The size and weight of commercial vehicles on the road around you may make you feel uncomfortable at times. The federal government provides strict regulations for the trucking industry to minimize your risk. The agency responsible for gathering the data and analyzing the statistics is the Federal Motor Carrier Safety Administration. The FMCSA then uses the information to create and enforce safety regulations that help prevent serious accidents.
Trucking companies, truckers and others in the industry should review these statistics on fatal large truck crashes to develop a better understanding of the scope of the problem and implement preventative measures.
Fatal truck crash trends
Although truck crashes may be dangerous on any roadway you may be traversing, the FMCSA reports that during 2018, about 57% of all fatal large truck crashes occurred on rural roads.

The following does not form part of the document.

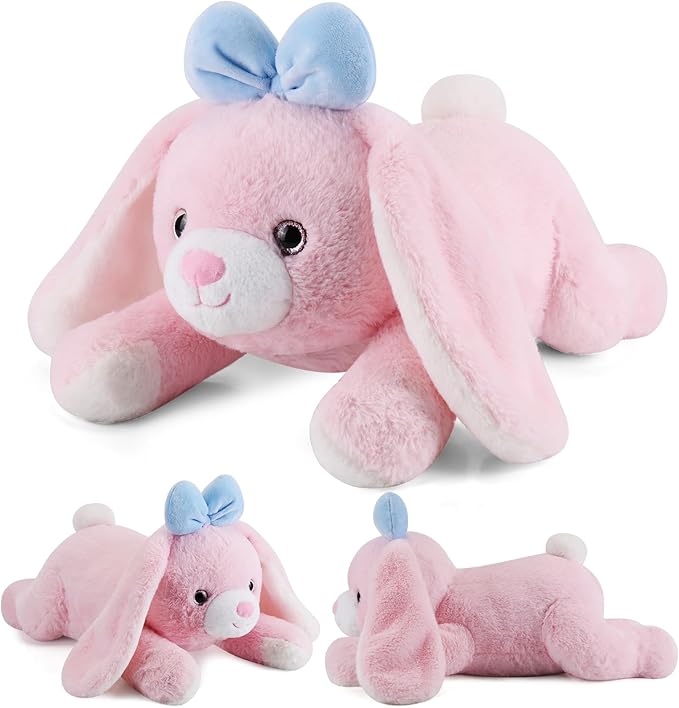 meowtastic Easter Bunny Weighted Stuffed Animals - Easter Rabbit Stuffed Animals, Big Bunny Weighted Plush Pillow - Cute Plush Toys Gifts for Kids & Adults (22" 4.5 lbs)
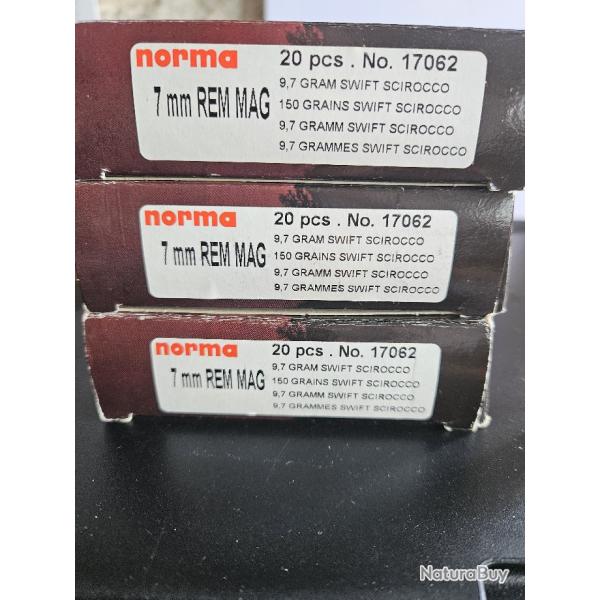 MUNITIONS  7 RM NORMA SWIFT SCIROCCO 150 grs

Meanwhile, only 27% took place on interstate highways. Furthermore, 13% took place on interstate highways in rural areas, indicating that large truck crashes are especially dangerous in rural environments.
Other statistics on deadly truck crashes
According to the FMCSA, drugs play a role in many deadly truck accidents, with 6% of truckers involved in fatal accidents during 2018 testing positive (note that 60% did not take drug tests after the collision).
Speeding and failure to wear a safety belt also contributed to many of the fatalities that occurred due to large truck collisions in 2018. In some instances, when a careless truck driver or negligent trucking company causes these accidents, the responsible party may be liable for the financial damages related to the injuries and fatalities.